## What you should do
Nothing but an exact repeat of the entries below should appear in your answer.

Text-to-region grounding data
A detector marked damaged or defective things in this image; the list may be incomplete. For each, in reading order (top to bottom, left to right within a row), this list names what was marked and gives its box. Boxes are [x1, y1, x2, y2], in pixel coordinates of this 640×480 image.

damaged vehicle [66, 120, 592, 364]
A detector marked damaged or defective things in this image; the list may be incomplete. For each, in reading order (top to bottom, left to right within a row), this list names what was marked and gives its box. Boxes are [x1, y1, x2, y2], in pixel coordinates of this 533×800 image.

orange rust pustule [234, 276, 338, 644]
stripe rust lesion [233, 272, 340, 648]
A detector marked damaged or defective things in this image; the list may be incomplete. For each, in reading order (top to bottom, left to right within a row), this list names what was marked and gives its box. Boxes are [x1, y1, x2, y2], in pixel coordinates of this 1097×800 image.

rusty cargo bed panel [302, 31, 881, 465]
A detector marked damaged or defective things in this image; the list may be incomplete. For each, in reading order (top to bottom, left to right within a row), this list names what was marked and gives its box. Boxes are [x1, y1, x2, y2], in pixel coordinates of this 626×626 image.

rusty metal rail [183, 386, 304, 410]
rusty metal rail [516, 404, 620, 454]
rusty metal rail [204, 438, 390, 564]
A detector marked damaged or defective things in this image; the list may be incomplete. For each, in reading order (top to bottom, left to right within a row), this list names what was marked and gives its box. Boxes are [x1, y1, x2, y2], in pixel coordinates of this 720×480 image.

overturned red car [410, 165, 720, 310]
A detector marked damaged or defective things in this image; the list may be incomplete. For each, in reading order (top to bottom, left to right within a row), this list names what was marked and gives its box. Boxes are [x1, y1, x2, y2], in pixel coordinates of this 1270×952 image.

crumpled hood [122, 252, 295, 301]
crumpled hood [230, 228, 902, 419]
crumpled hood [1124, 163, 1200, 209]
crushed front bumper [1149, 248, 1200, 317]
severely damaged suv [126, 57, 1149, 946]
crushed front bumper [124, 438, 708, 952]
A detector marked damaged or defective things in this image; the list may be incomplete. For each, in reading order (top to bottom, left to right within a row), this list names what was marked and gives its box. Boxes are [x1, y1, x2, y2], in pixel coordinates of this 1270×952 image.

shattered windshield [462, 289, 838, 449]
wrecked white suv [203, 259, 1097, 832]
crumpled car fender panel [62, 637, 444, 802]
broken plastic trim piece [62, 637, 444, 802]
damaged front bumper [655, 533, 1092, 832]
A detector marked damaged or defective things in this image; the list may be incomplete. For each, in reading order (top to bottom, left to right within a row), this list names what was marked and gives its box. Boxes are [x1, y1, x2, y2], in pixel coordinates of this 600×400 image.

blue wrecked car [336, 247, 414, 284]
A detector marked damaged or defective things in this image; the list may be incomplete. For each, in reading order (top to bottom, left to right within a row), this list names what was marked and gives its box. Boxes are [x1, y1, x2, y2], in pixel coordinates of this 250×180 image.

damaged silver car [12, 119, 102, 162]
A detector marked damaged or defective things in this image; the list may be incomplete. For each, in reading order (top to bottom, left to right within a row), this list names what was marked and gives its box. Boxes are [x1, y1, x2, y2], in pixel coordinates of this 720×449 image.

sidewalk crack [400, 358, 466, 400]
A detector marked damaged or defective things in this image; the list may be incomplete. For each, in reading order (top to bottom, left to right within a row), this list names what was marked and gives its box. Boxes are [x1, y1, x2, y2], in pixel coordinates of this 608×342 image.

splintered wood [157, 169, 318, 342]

## Expected output
A detector marked damaged or defective things in this image; the list may be incomplete. For each, in reading order (top to bottom, left to right within a row), this list names what was marked and gives its box. Boxes are [x1, y1, x2, y2], in pixel coordinates of this 640×480 image.

damaged vehicle [66, 120, 592, 364]
A detector marked damaged or defective things in this image; the list may be incomplete. For each, in reading order (top to bottom, left to right within a row), this list names what was marked and gives its box. Boxes are [x1, y1, x2, y2], in pixel coordinates of this 533×800 image.

orange rust pustule [234, 276, 338, 644]
stripe rust lesion [233, 272, 340, 648]
A detector marked damaged or defective things in this image; the list may be incomplete. For each, in reading order (top to bottom, left to right within a row), this list names what was marked and gives its box. Boxes are [x1, y1, x2, y2], in pixel coordinates of this 1097×800 image.

rusty cargo bed panel [302, 31, 881, 465]
A detector marked damaged or defective things in this image; the list may be incomplete. For each, in reading order (top to bottom, left to right within a row), this list names what was marked and gives its box. Boxes are [x1, y1, x2, y2], in pixel coordinates of this 626×626 image.

rusty metal rail [183, 386, 304, 410]
rusty metal rail [516, 404, 620, 454]
rusty metal rail [204, 438, 390, 564]
A detector marked damaged or defective things in this image; the list may be incomplete. For each, in reading order (top to bottom, left to right within a row), this list names what was marked and gives its box. Boxes are [x1, y1, x2, y2], in pixel coordinates of this 720×480 image.

overturned red car [410, 165, 720, 310]
A detector marked damaged or defective things in this image; the list may be incomplete. For each, in reading order (top to bottom, left to right within a row), this list names what was marked and gives its box. Boxes are [x1, y1, x2, y2], in pixel coordinates of this 1270×952 image.

crumpled hood [122, 252, 295, 301]
crumpled hood [230, 228, 902, 419]
crumpled hood [1124, 163, 1200, 209]
crushed front bumper [1149, 248, 1200, 317]
severely damaged suv [126, 57, 1149, 946]
crushed front bumper [124, 438, 708, 952]
A detector marked damaged or defective things in this image; the list may be incomplete. For each, in reading order (top to bottom, left to right within a row), this list names what was marked and gives its box. Boxes are [x1, y1, x2, y2], in pixel coordinates of this 1270×952 image.

shattered windshield [462, 289, 838, 449]
wrecked white suv [203, 259, 1097, 832]
crumpled car fender panel [62, 637, 444, 802]
broken plastic trim piece [62, 637, 444, 802]
damaged front bumper [655, 533, 1092, 832]
A detector marked damaged or defective things in this image; the list may be incomplete. For each, in reading order (top to bottom, left to right within a row), this list names what was marked and gives its box. Boxes are [x1, y1, x2, y2], in pixel coordinates of this 600×400 image.

blue wrecked car [336, 247, 414, 284]
A detector marked damaged or defective things in this image; the list may be incomplete. For each, in reading order (top to bottom, left to right within a row), this list names what was marked and gives its box. Boxes are [x1, y1, x2, y2], in pixel coordinates of this 250×180 image.

damaged silver car [12, 119, 102, 162]
A detector marked damaged or defective things in this image; the list may be incomplete. For each, in reading order (top to bottom, left to right within a row), this list names what was marked and gives its box. Boxes are [x1, y1, x2, y2], in pixel coordinates of this 720×449 image.

sidewalk crack [400, 358, 466, 400]
A detector marked damaged or defective things in this image; the list may be incomplete. For each, in reading order (top to bottom, left to right within a row), this list names what was marked and gives its box. Boxes are [x1, y1, x2, y2], in pixel coordinates of this 608×342 image.

splintered wood [157, 169, 318, 342]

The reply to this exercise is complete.